HEALTH WORKERS UNDER SURVEILLANCE-HEALTH MINISTER
The
Ministry of Health is to set up an Intelligence Unit to monitor and report on
the behaviour and attitudes of workers at the various public healthcare
facilities across the country. The Minister for Health, Kwaku Agyemang
Manu, who announced this, explained further, that the initiative aims to bring
under the microscope for the appropriate measures against bad working attitude of
the health staff especially nurses and midwifes in attending to patients and
clients at their facilities. 'I will get young people to be trained by the National Security, but they are not BNI... and i believe that will bring some sanity in the system, the Minister hinted.
Mr. Agyeman Manu was addressing staff of the
Nursing and Midwifery Council at this year’s Mid-Year Performance Review
Session at Nsuta in the Sekyere Central district of the Ashanti region. The
three-day event was a platform for the management and staff of the Council to
evaluate their performance in relation to their set targets for the period
under review so as to identify the achievements, challenges while devising new
and better strategies towards attainment of the set goals for the second half
of this year.
The Health Minister noted that setting up of the Health
Intelligence Unit will among others objectives, dealt with such negative
excesses in the healthcare delivery processes as baby theft as reported in some
of the hospitals, uncultured attitudes of some health workers towards the sick
as well as abuse of the system. "What happened at the Komfo Anokye Teaching Hospital, do you remember, still exists in the health facilities", he lamented.
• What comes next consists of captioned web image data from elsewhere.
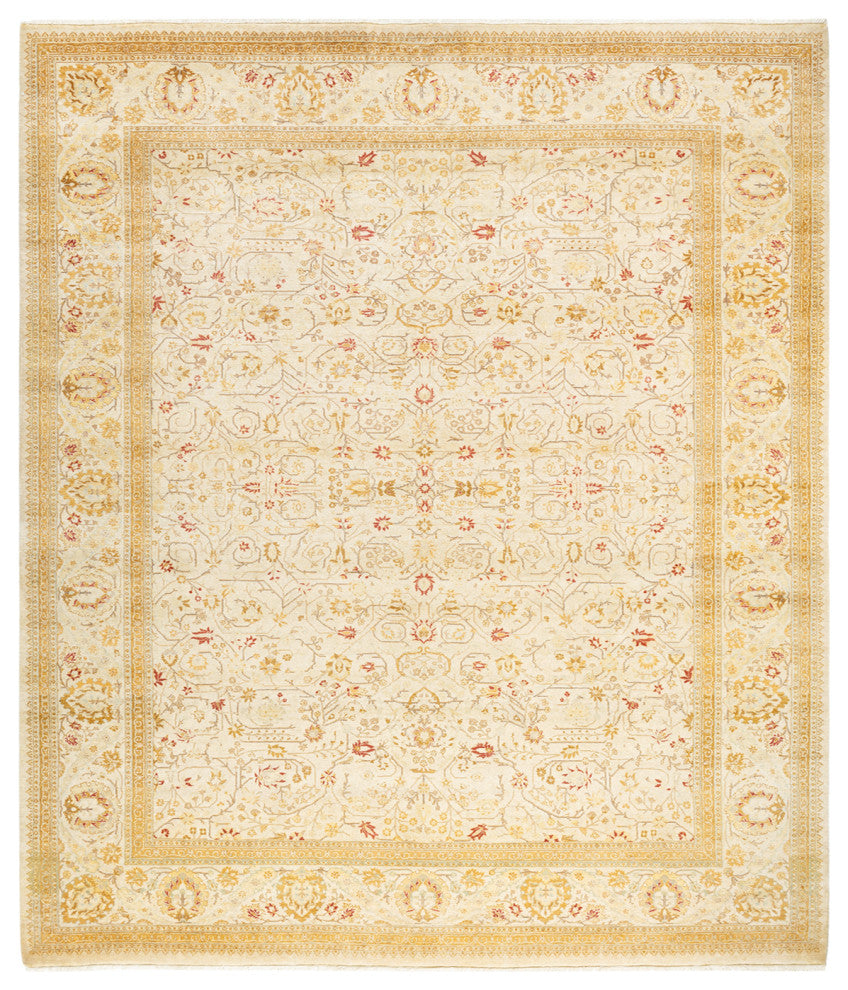 David, One-of-a-Kind Hand-Knotted Area Rug, Ivory, 8' 3"x10' 5"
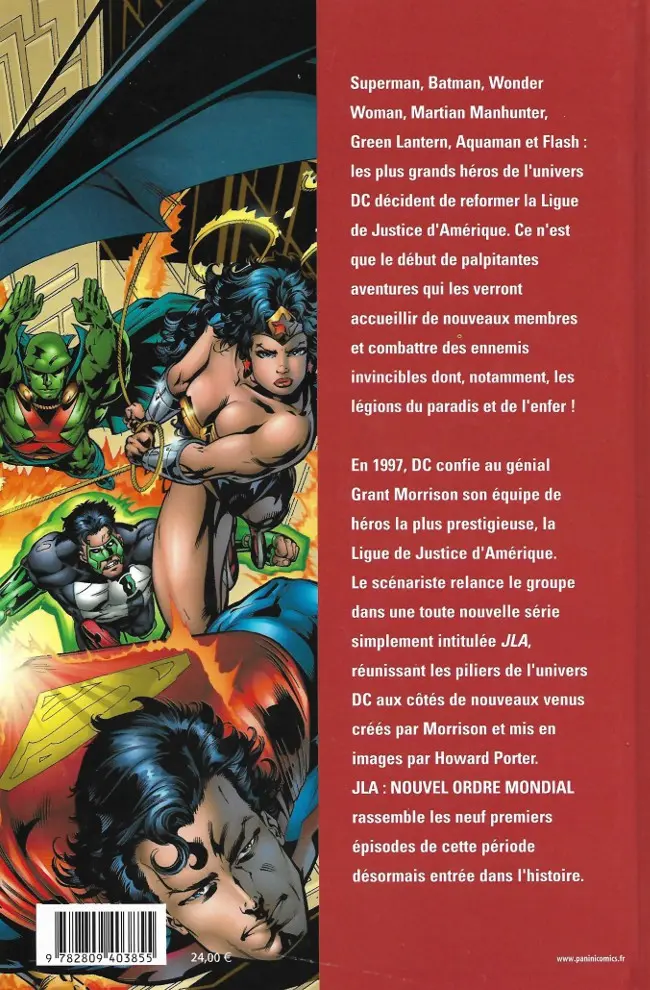 Verso de l'album JLA Tome 1 Nouvel ordre mondial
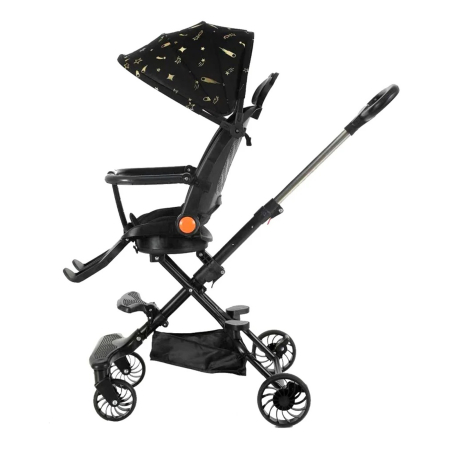 Carucior Sport Pliabil KD-2012 Reversibil 360° pentru copii, 6–36 luni, negru - KidMania.ro [3]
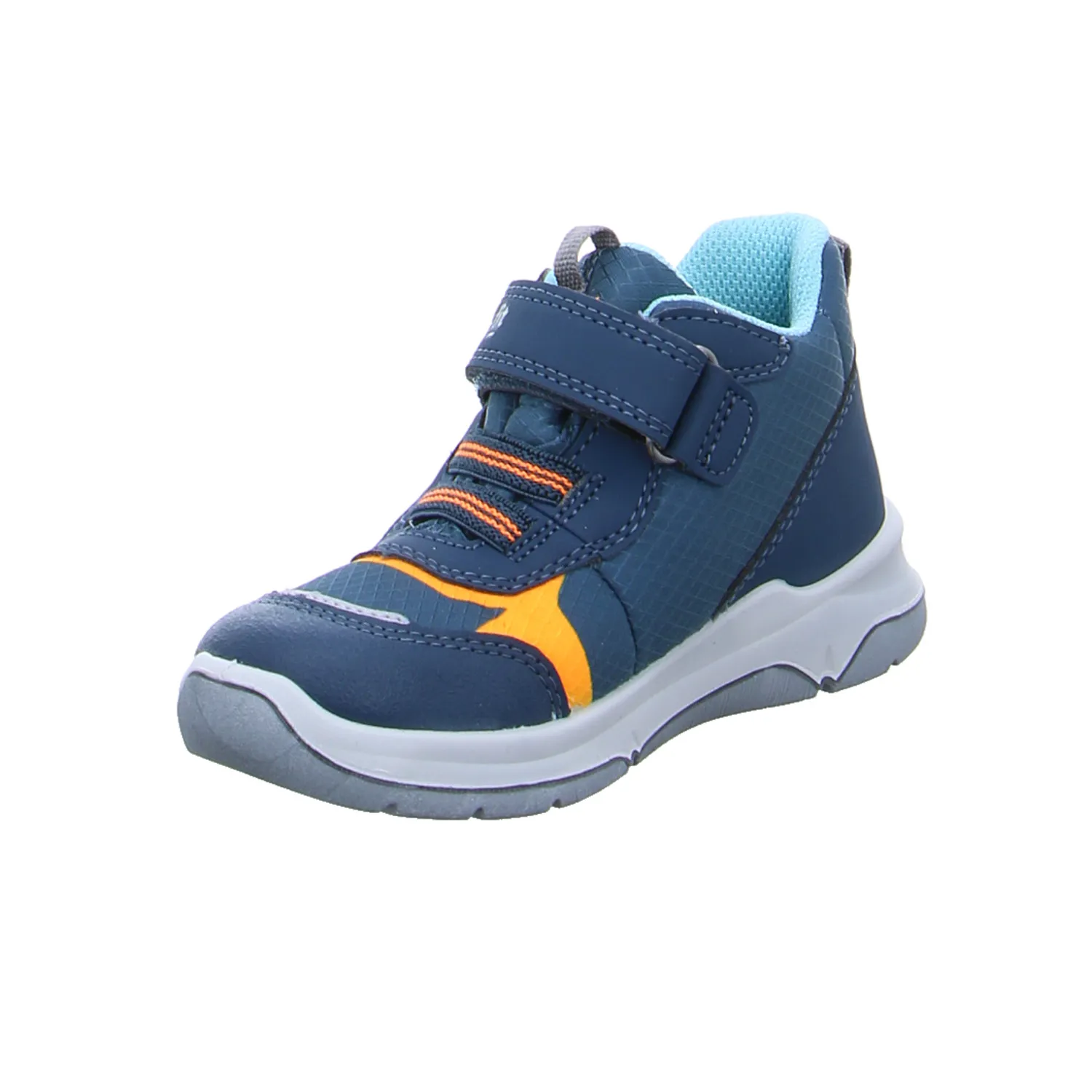 SUPERFIT Kleinkinder-Halbschuh Klett Blau Textil  Sneaker high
Mr. Agyemang Manu said, in line with the
recently launched five-year National Public Sector Reforms Strategy, there is
an urgent need for the Health Ministry and sector agencies to establish a
Client Service Unit and develop a Client Charter to offer acceptable level of
services to health seekers. Mr. Agyemang Manu disclosed again that the
Ministry, in partnership with its collaborators, is working to establish a
National Emergency Centre with a Toll-Free number for the coordination and
evacuation of patients in a professional manner.
The initiative, he noted,
would be a platform toward addressing what has become known as the ‘no bed
syndrome’ in prominent public hospitals. The Registrar of the Nursing and
Midwifery Council, Felix Nyanteh, said the Council, during the period under
review, made far reaching changes and laid the foundation for a future of
orderly, sustainable and evidence-based growth.
The Council, Mr. Nyanteh said,
has also undertaken an ambitious range of structural decisions that are
transforming nurses and midwives’ service delivery to clients. He was happy
about that the Council has become the first in West Africa and third in Africa
to conduct Online Licensing examination held earlier month.